-- THE DATA --
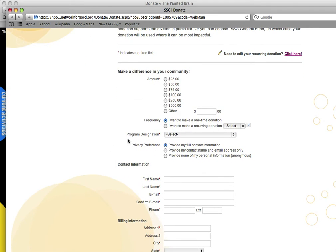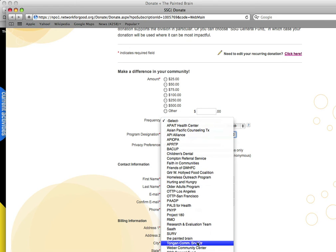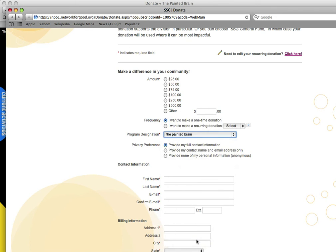You want to look at this part that says Program Designation. When you click on this, you can then pick out our name on here, The Painted Brain. Then any donation you make will go to our project directly.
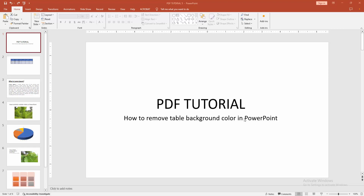Asalaamu Alaikum. Hello friends, how are you? In this video, I am going to show you how to remove table background color in PowerPoint. Let's get started.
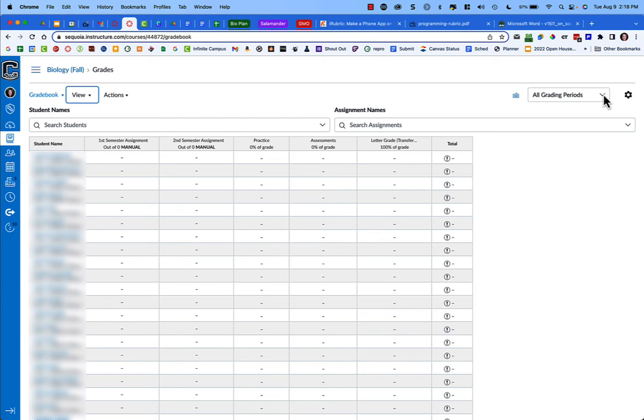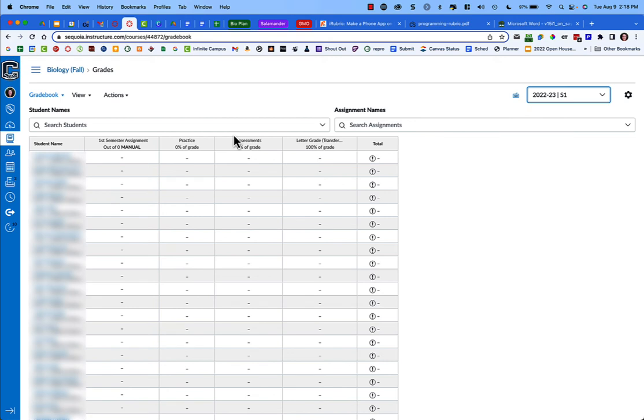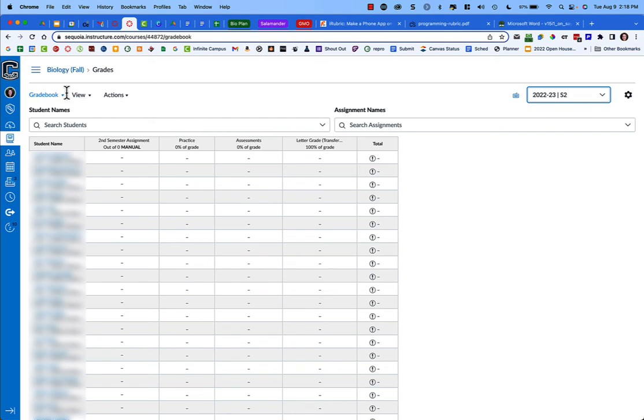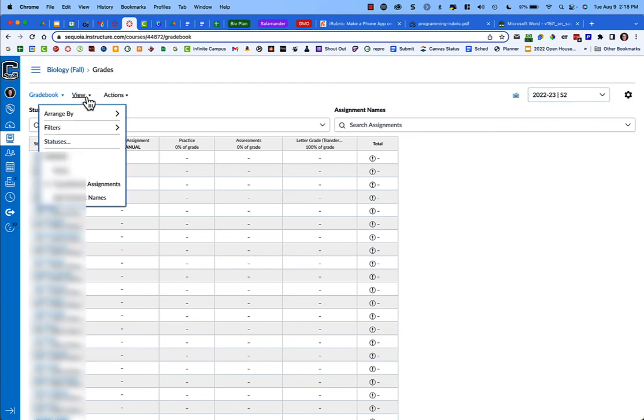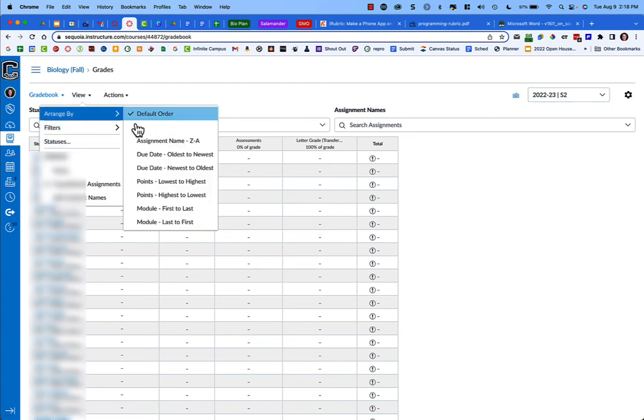Again, with all grading periods, I see my semester one and semester two assignments. If I go to semester one, I only see the semester one assignment. If I go to semester two, I see the semester two assignments. This happens automatically—they get placed into the correct semester based on your due date. You just need to go to View to turn on the filter for grading periods.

-- TO DO --
Your reply should restate the data above word for word and contain no pictures.

-- COMPLETED TASK --
You want to look at this part that says Program Designation. When you click on this, you can then pick out our name on here, The Painted Brain. Then any donation you make will go to our project directly.
Asalaamu Alaikum. Hello friends, how are you? In this video, I am going to show you how to remove table background color in PowerPoint. Let's get started.
Again, with all grading periods, I see my semester one and semester two assignments. If I go to semester one, I only see the semester one assignment. If I go to semester two, I see the semester two assignments. This happens automatically—they get placed into the correct semester based on your due date. You just need to go to View to turn on the filter for grading periods.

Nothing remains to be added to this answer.